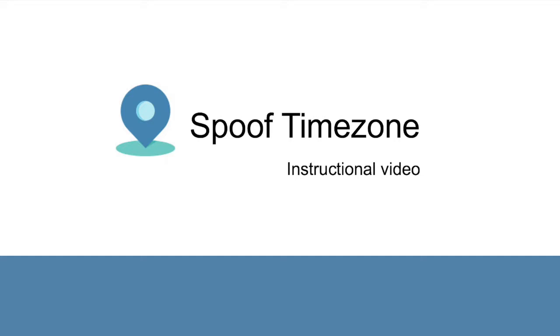There has been evidence that in some cases the location of users does influence the content that users come across online. Thus, this extension is useful to protect your real timezone, but also for investigative purposes to discover online variations.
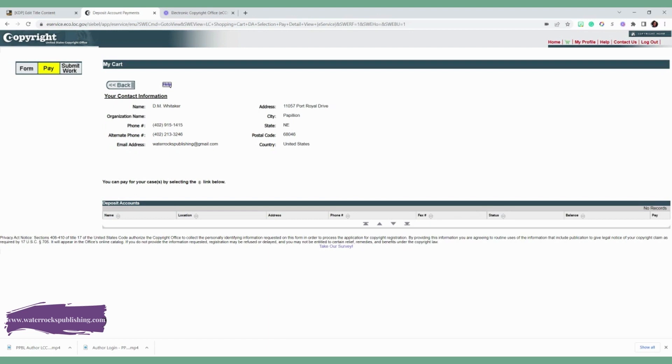This is Dequeisha with Water Rocks Publishing, and this is how you apply for your copyrights.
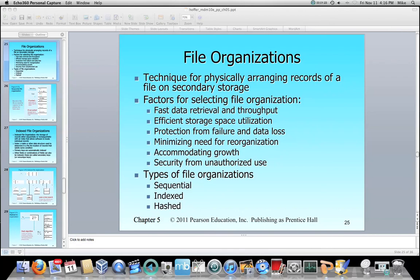There are factors associated with selecting the file organization. It's really speed — speed in retrieval of the data and getting it to the user. It's the efficient use of space. So speed, efficiency, and protection from failure and data loss, which is a huge concern. A database isn't any good to anyone if it loses its own data.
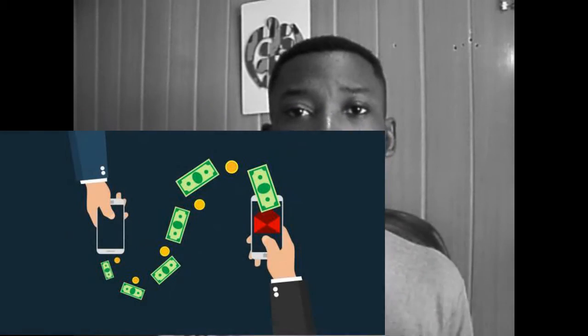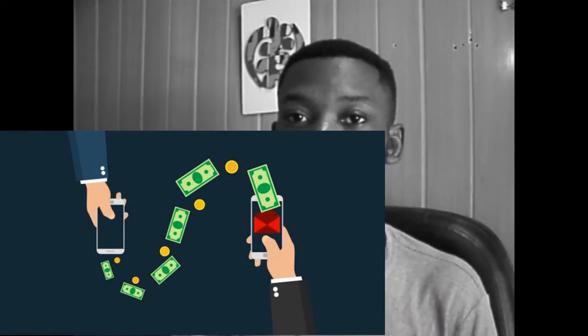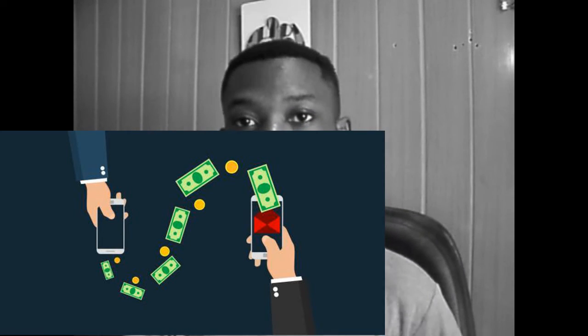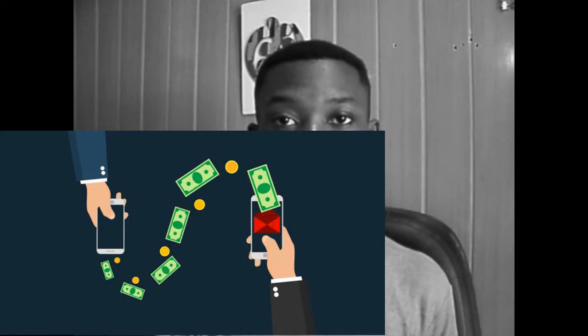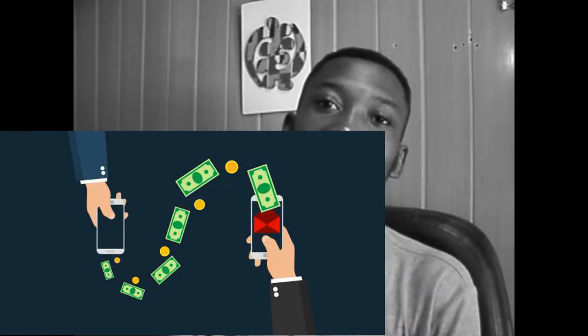The second investment platform that you can start as a beginner is lending clubs. Lending clubs is a peer-to-peer online investment lending platform where borrowers come to get loans while investors, known as the lenders, provide the loans to the borrowers. In exchange, the investors are rewarded for providing their money.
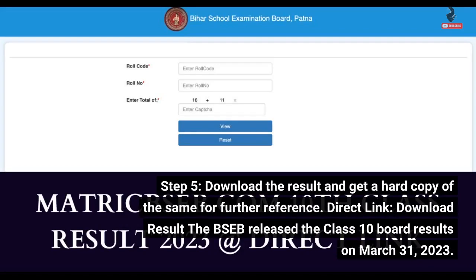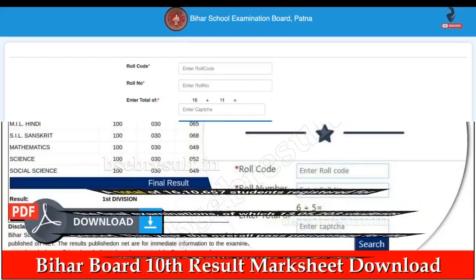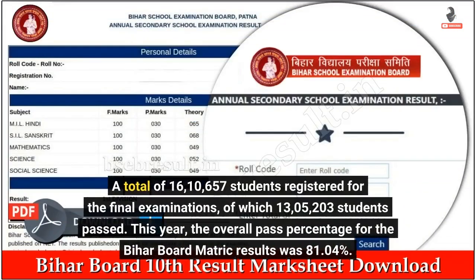The BSEB released the Class 10 Board results on 31st March 2023. A total of 16,10,657 students registered for the final examinations, of which 13,05,203 students passed. This year, the overall pass percentage for the Bihar Board Matric results was 81.4%.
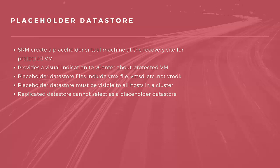When you define a placeholder data store, it must be visible to all of the hosts in the cluster. You cannot select replicated data store as a placeholder data store. Let us see how to configure it.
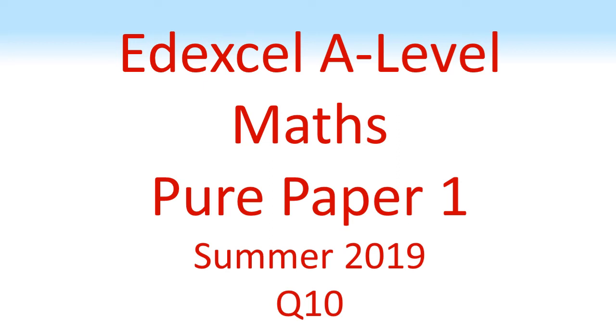NXL A-level maths, pure paper one, summer 2019, question 10.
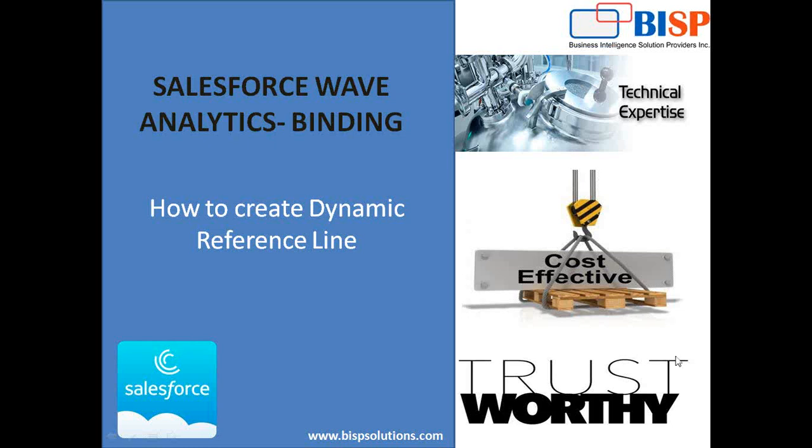Hello friends, welcome to BSP solutions.com. My name is Sumit and today I'm going to tell you how to create dynamic reference line in Wave Analytics.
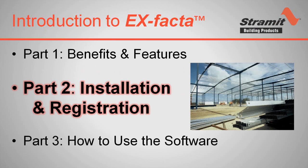Welcome to part 2 of our video training series on X-Factor Perlin Design Software by Stramit. In this video I'll demonstrate the installation and registration process and show you how to get the software up and running quickly.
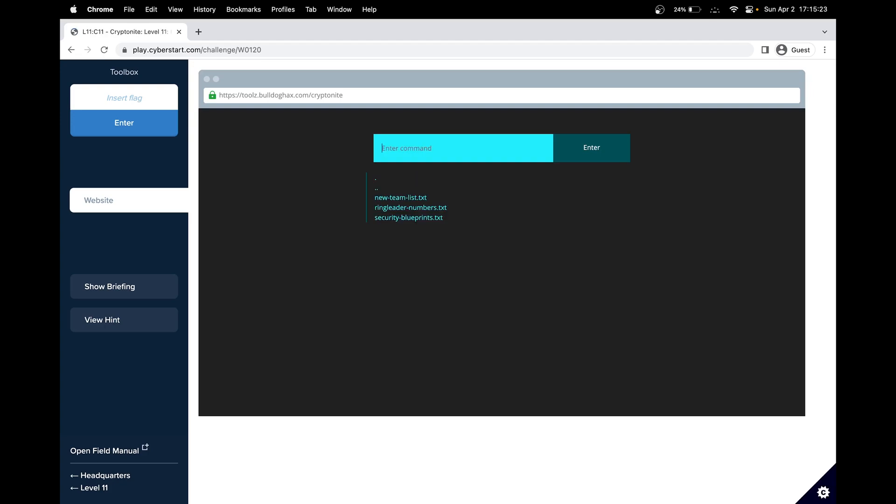So if we do ls, we can see all the files. So what we essentially did there was we called their ignore command. And then by using a semicolon, we're now able to run another command. So we're in their system. And we know the name of a file.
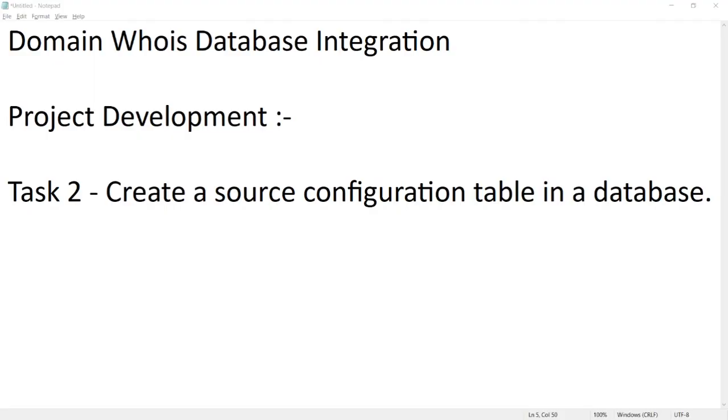Hi friends, in our last session we created our SSIS project and set up all the prerequisites before project development. So in this session, let's try to understand more about our source details again.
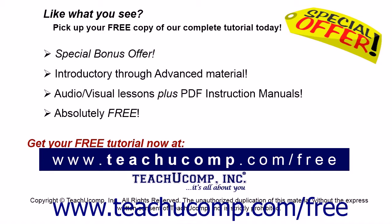Like what you see? Pick up your free copy of the complete tutorial at www.teachucomp.com forward slash free.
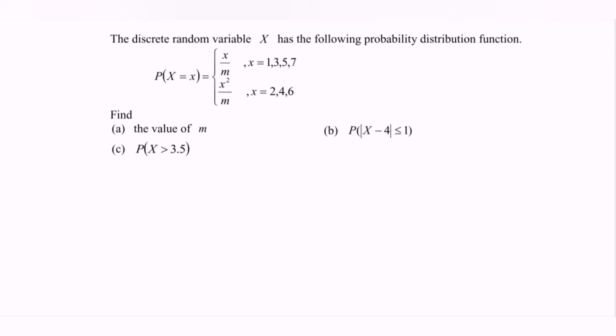Hello everyone, welcome to my channel. In this video, I'm going to discuss an example for discrete random variables.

────────────────────────────────────────

▸ Task description:
Reprint the data verbatim, pictures excluded.

▸ Exercise result:
There has been evidence that in some cases the location of users does influence the content that users come across online. Thus, this extension is useful to protect your real timezone, but also for investigative purposes to discover online variations.
This is Dequeisha with Water Rocks Publishing, and this is how you apply for your copyrights.
There are factors associated with selecting the file organization. It's really speed — speed in retrieval of the data and getting it to the user. It's the efficient use of space. So speed, efficiency, and protection from failure and data loss, which is a huge concern. A database isn't any good to anyone if it loses its own data.
The second investment platform that you can start as a beginner is lending clubs. Lending clubs is a peer-to-peer online investment lending platform where borrowers come to get loans while investors, known as the lenders, provide the loans to the borrowers. In exchange, the investors are rewarded for providing their money.
The BSEB released the Class 10 Board results on 31st March 2023. A total of 16,10,657 students registered for the final examinations, of which 13,05,203 students passed. This year, the overall pass percentage for the Bihar Board Matric results was 81.4%.
When you define a placeholder data store, it must be visible to all of the hosts in the cluster. You cannot select replicated data store as a placeholder data store. Let us see how to configure it.
NXL A-level maths, pure paper one, summer 2019, question 10.
Hello friends, welcome to BSP solutions.com. My name is Sumit and today I'm going to tell you how to create dynamic reference line in Wave Analytics.
Welcome to part 2 of our video training series on X-Factor Perlin Design Software by Stramit. In this video I'll demonstrate the installation and registration process and show you how to get the software up and running quickly.
So if we do ls, we can see all the files. So what we essentially did there was we called their ignore command. And then by using a semicolon, we're now able to run another command. So we're in their system. And we know the name of a file.
Hi friends, in our last session we created our SSIS project and set up all the prerequisites before project development. So in this session, let's try to understand more about our source details again.
Like what you see? Pick up your free copy of the complete tutorial at www.teachucomp.com forward slash free.
Hello everyone, welcome to my channel. In this video, I'm going to discuss an example for discrete random variables.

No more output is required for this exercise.